_TASK BRIEF_.
Repeat the entries exactly, and do not carry the pictures over.

_Image-caption web data_.
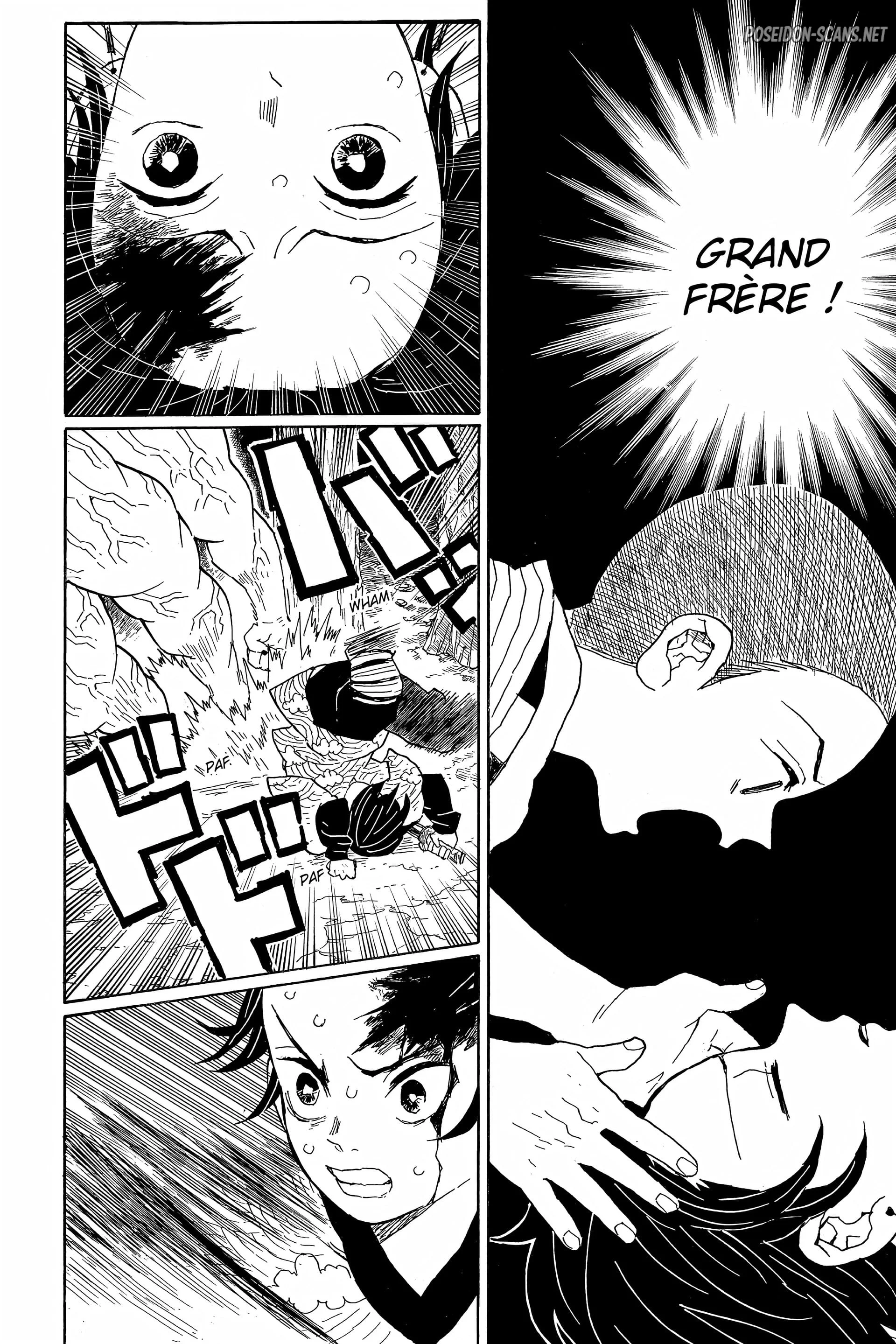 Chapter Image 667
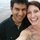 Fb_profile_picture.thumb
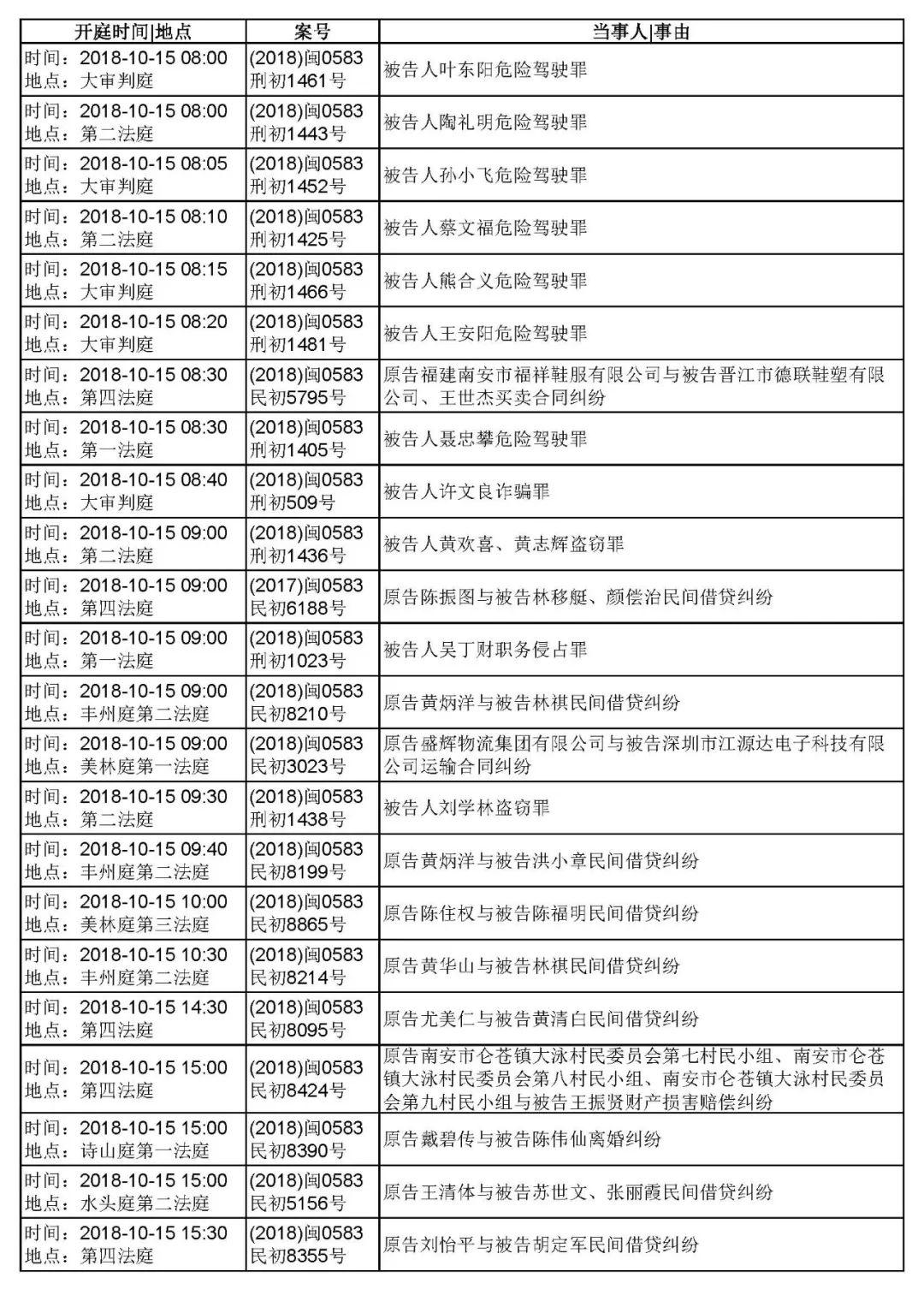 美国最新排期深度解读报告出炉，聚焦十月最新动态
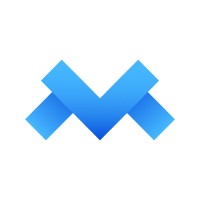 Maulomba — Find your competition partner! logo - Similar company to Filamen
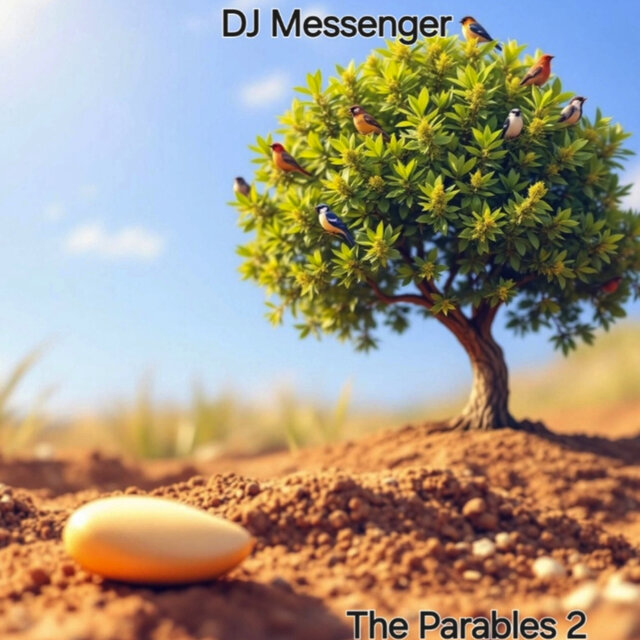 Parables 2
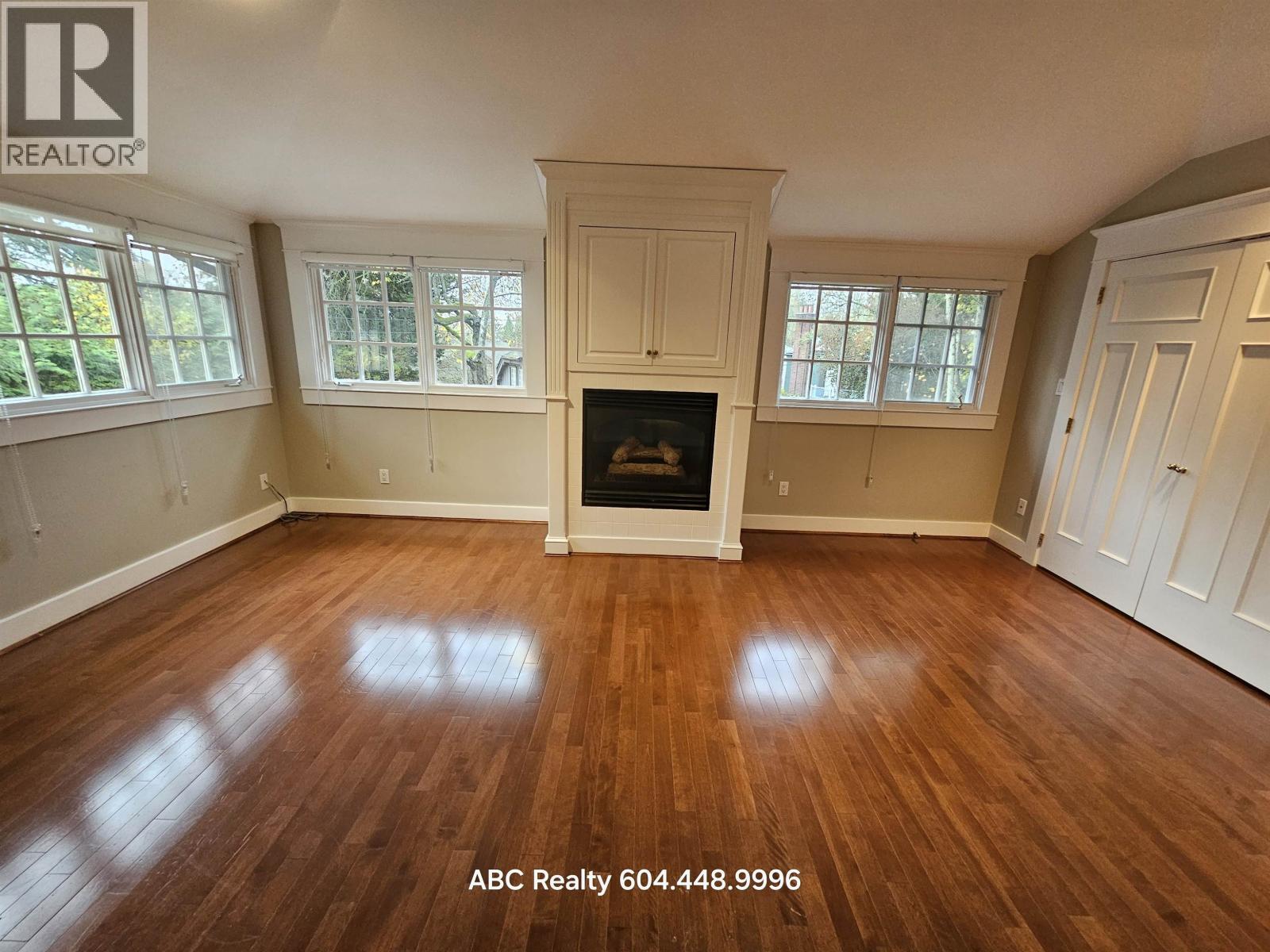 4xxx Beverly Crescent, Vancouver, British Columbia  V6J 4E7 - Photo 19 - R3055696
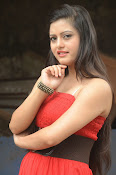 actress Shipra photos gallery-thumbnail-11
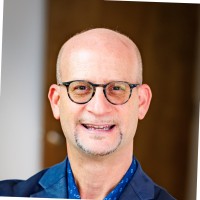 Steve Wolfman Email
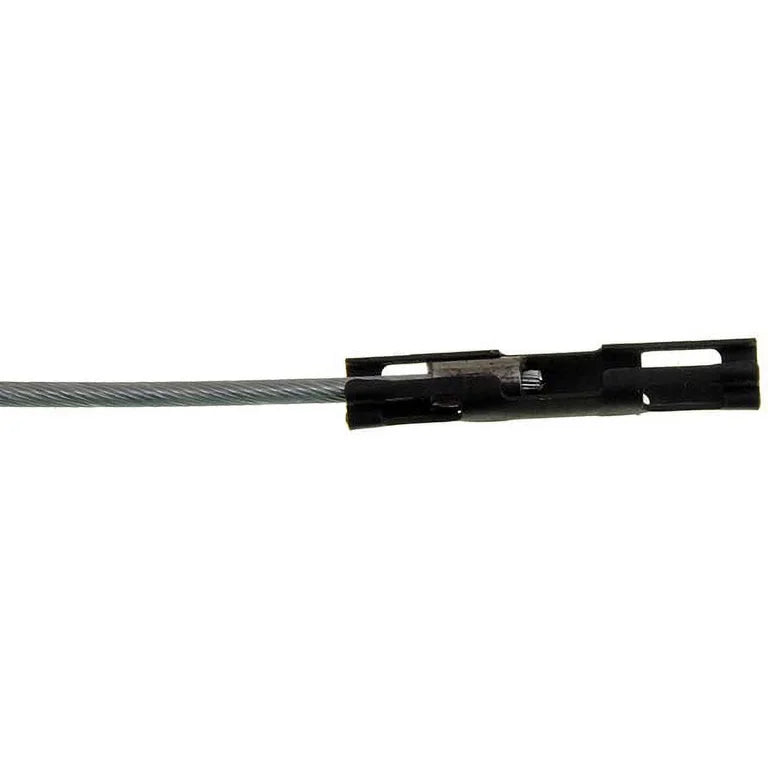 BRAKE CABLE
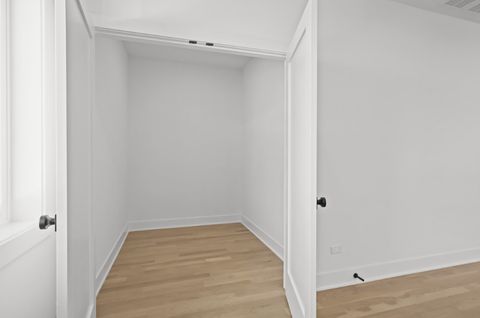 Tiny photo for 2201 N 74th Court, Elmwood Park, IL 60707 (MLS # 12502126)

_EXERCISE OUTPUT_.
 Chapter Image 667
 Fb_profile_picture.thumb
 美国最新排期深度解读报告出炉，聚焦十月最新动态
 Maulomba — Find your competition partner! logo - Similar company to Filamen
 Parables 2
 4xxx Beverly Crescent, Vancouver, British Columbia  V6J 4E7 - Photo 19 - R3055696
 actress Shipra photos gallery-thumbnail-11
 Steve Wolfman Email
 BRAKE CABLE
 Tiny photo for 2201 N 74th Court, Elmwood Park, IL 60707 (MLS # 12502126)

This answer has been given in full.